# Exercise aim
Only lines that contain the word "Stock" belong in the answer; copy them from the records below.

# Material to process
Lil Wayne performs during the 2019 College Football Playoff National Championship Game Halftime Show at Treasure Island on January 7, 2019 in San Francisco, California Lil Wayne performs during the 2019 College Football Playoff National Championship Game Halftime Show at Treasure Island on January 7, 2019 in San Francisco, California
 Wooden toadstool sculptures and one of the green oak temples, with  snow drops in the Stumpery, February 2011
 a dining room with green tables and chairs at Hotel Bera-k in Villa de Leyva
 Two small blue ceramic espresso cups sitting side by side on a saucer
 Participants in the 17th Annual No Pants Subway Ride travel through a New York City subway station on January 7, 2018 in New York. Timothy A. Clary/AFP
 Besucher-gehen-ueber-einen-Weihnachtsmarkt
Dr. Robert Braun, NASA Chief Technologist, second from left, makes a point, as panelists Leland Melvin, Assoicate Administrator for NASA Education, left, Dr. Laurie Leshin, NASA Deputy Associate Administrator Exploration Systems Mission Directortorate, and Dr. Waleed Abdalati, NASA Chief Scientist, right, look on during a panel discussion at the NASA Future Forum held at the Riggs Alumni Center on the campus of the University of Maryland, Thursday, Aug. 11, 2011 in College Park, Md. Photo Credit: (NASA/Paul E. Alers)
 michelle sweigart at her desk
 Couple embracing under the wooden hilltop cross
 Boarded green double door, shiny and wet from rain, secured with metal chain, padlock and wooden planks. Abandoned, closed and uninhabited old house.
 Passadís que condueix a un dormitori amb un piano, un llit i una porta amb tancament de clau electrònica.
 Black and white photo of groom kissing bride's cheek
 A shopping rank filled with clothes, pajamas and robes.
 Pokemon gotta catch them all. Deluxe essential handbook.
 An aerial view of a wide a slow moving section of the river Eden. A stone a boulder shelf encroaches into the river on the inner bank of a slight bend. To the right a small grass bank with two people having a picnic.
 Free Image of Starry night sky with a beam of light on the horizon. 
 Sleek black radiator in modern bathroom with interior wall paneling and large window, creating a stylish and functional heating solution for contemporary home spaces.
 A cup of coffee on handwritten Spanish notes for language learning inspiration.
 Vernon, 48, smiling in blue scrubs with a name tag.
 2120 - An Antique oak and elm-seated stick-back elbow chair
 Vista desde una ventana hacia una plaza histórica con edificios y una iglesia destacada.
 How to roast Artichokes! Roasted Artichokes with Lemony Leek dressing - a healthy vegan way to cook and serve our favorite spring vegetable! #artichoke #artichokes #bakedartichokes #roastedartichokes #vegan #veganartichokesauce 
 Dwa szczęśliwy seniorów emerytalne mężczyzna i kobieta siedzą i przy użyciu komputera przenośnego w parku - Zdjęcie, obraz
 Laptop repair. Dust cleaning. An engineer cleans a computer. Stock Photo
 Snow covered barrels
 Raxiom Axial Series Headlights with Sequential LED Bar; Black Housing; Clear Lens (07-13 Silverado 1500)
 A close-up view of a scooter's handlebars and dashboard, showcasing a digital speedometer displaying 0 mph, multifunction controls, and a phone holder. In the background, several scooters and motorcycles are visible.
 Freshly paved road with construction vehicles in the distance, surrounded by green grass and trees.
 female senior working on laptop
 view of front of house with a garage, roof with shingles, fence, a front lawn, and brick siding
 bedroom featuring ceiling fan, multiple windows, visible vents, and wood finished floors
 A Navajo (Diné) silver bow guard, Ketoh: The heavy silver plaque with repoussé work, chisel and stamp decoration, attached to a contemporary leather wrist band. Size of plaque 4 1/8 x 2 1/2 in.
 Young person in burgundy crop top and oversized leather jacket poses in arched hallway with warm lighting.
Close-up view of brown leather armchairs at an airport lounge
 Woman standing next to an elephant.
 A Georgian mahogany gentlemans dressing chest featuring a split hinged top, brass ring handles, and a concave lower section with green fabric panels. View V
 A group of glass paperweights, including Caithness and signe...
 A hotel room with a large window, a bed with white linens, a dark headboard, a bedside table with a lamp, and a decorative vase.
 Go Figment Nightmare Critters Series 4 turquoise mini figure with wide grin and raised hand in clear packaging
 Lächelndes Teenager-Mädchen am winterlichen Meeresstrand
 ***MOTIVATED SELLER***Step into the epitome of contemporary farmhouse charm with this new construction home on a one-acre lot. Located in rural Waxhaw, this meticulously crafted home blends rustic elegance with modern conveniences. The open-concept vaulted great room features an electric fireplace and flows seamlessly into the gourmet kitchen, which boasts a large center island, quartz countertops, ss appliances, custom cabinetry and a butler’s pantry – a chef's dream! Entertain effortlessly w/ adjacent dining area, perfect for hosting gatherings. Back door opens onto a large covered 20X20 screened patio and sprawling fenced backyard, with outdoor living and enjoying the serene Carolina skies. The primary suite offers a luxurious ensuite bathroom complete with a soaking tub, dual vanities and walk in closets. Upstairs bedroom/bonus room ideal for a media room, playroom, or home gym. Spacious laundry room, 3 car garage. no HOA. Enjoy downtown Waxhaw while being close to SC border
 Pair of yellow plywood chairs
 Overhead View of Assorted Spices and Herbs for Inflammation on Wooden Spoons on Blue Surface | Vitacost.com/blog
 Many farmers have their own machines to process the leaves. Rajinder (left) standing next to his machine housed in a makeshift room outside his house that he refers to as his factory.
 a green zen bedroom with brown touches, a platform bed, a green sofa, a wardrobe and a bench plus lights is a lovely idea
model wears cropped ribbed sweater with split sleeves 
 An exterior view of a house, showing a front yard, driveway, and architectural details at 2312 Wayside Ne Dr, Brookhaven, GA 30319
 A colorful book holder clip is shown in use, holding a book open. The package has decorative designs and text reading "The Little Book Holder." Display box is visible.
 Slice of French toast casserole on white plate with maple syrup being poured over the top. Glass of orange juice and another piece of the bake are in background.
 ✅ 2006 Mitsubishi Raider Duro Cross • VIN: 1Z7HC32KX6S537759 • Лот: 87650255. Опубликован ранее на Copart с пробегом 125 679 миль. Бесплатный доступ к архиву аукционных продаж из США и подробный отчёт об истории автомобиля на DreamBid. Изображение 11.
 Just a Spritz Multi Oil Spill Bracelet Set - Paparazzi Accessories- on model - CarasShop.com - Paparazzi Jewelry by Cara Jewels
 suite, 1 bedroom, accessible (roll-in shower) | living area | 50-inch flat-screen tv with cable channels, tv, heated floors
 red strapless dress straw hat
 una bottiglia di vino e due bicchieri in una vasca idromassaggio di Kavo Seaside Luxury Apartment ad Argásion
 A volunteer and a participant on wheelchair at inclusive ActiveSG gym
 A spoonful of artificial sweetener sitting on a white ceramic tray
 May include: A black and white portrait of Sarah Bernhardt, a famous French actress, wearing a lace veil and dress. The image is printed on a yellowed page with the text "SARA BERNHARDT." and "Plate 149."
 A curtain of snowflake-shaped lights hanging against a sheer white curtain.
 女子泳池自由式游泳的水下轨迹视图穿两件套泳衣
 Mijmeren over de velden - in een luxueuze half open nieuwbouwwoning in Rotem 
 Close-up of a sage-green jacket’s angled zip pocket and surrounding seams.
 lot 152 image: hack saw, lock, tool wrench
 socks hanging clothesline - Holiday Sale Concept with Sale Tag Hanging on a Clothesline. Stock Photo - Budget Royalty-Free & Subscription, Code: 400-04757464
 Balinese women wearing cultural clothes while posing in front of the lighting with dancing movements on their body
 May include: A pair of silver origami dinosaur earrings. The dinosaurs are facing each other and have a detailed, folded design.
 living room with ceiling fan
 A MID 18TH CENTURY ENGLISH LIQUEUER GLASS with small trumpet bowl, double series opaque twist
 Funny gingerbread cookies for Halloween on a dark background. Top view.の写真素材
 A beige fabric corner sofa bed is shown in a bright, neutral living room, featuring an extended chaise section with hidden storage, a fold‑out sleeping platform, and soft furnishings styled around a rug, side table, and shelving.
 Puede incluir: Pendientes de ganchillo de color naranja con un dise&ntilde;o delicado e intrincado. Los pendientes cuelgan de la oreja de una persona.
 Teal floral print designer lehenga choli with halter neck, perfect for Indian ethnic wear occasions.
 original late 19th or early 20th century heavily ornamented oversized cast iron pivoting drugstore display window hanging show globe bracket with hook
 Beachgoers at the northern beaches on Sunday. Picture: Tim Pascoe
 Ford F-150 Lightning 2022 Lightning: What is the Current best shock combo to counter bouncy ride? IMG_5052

# Reply to the task
 Laptop repair. Dust cleaning. An engineer cleans a computer. Stock Photo
 socks hanging clothesline - Holiday Sale Concept with Sale Tag Hanging on a Clothesline. Stock Photo - Budget Royalty-Free & Subscription, Code: 400-04757464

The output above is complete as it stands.